::: Data :::

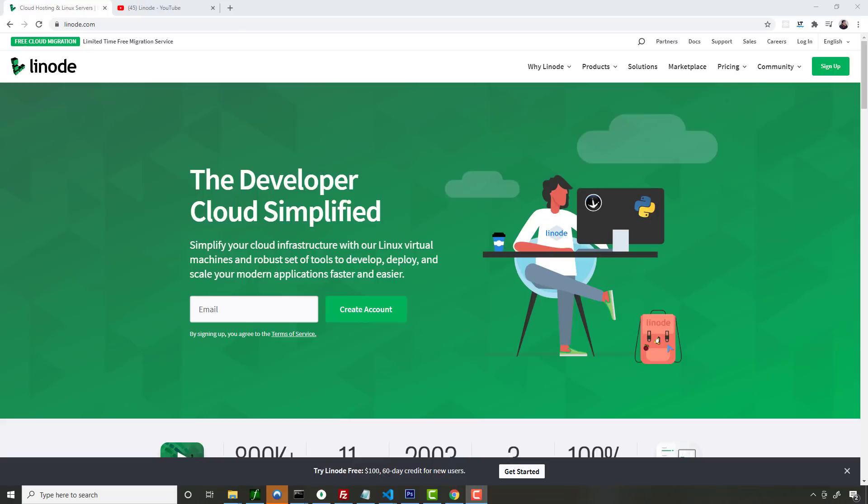Hey everybody, what's up? This video is brought to you by Linode Cloud Computing. If you're looking for web hosting, check them out.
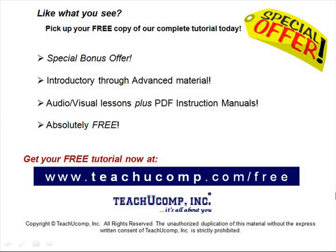Like what you see, pick up your free copy of the complete tutorial at www.teachucomp.com/free.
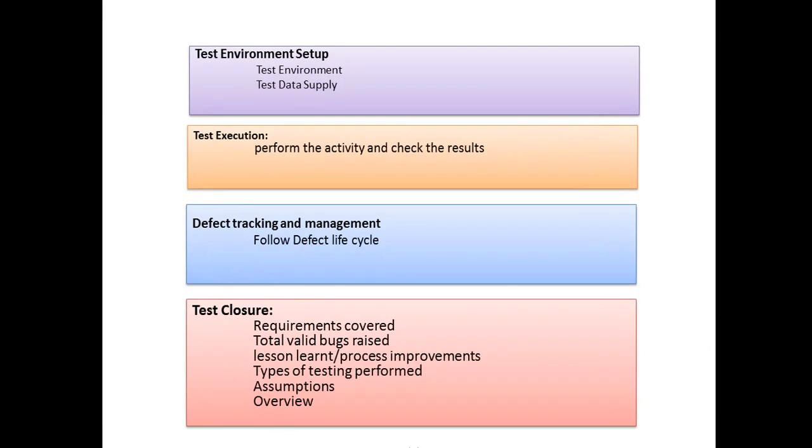Next is test environment setup. After test execution comes defect tracking and management, which will be covered in a different video including the defect life cycle. In test closure activity, we supply a document to stakeholders about what we've done in the current release. It covers requirements covered, total valid bugs raised, lessons learned, process improvements, types of testing performed, assumptions, and overview.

:::

Work to be completed: Please copy the data above character for character, skipping any pictures.

Written solution:
Hey everybody, what's up? This video is brought to you by Linode Cloud Computing. If you're looking for web hosting, check them out.
Like what you see, pick up your free copy of the complete tutorial at www.teachucomp.com/free.
Next is test environment setup. After test execution comes defect tracking and management, which will be covered in a different video including the defect life cycle. In test closure activity, we supply a document to stakeholders about what we've done in the current release. It covers requirements covered, total valid bugs raised, lessons learned, process improvements, types of testing performed, assumptions, and overview.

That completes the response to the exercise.